Kapitalizm, sermayenin çıkarları uğruna doğanın ve toplumun geleceğini tehdit ediyor. Bu doğrultuda her yolu mubah gördüğü gibi, katliamlara ve büyük bir yıkıma yol açıyor. Türkiye’de de sermaye iktidarının dümenindeki dinci-faşist AKP-MHP koalisyonu, bir yandan sermayenin çıkarları uğruna toplumu ve doğayı hiçe sayıyor, diğer yandan yağma, talan ve yolsuzluk düzeninin sefasını sürüyor.
“Poşet yasağı”yla çevre dostu görüntüsü sunmaya kalkanların, kapitalistler için doğayı nasıl talan ettikleri İstanbul 3. havalimanı ile bir kez daha görülmüştü. 3. havalimanı için yapılan ağaç katliamı ile ilgili Kuzey Ormanları Savunması tarafından yapılan araştırma, iktidarın çevre dostu yalanını ve yolsuzluklarını tekrar gözler önüne serdi.
Kuzey Ormanları Savunması, 2012 yılında inşasına başlanan “mega proje” 3. havalimanı için o günden bugüne kesilen ağaç sayısını hesapladı. 3. havalimanını, inşaat için açılan taş ocaklarını ve havalimanına girişin sağlandığı Kuzey Marmara Otoyolu’nu kapsayan alanın uydu görüntüleri üzerinden yapılan hesaplamaya göre, doğa talanında 13 milyon ağaç kesildi. 3. havalimanı için hazırlanan ÇED raporunda ise 2,5 milyon ağaç kesileceği ileri sürülmüştü.
6 bin 500 hektarlık orman gitti
Sözcü’den Özlem Güvemli’nin haberine göre, Kuzey Ormanları Savunması'ndan şehir plancısı Ayşe Yıkıcı, kesilen ağaçların kapladığı alanın yaklaşık 6 bin 500 hektar olduğunu ve bunun 4 bin hektarlık kısmının 3. Havalimanı proje sahası içerisindeki orman alanı olduğunu belirtti.
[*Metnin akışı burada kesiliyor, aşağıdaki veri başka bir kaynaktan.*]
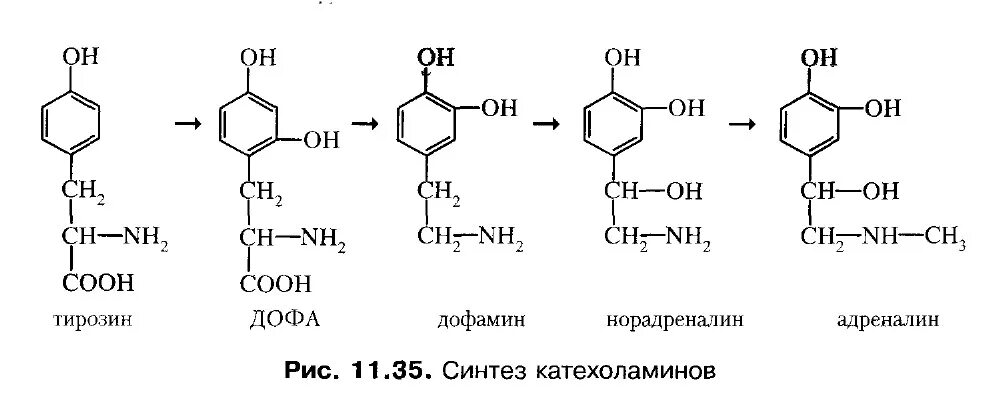 Синтез катехоламинов биохимия из тирозина. Реакции синтеза катехоламинов. Катехоламины синтез адреналин. Синтез адреналина реакция. Схема синтеза адреналина.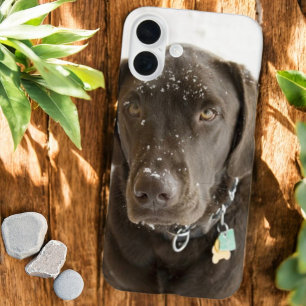 Seelenvolle Schokoladen-Labrador mit Schnee bestre title_seo2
Hesaplamalara göre 2012 yılından bugüne kadar proje alanında kesilen ağaç sayısının en az 8 milyon, havalimanı inşaatı için açılmış taş ocakları için kesilen ağaç sayısının en az 1,2 milyon ve havalimanına giriş sağlayan Kuzey Marmara Otoyolu için kesilen ağaç sayısının ise en az 3,7 milyonu buldu.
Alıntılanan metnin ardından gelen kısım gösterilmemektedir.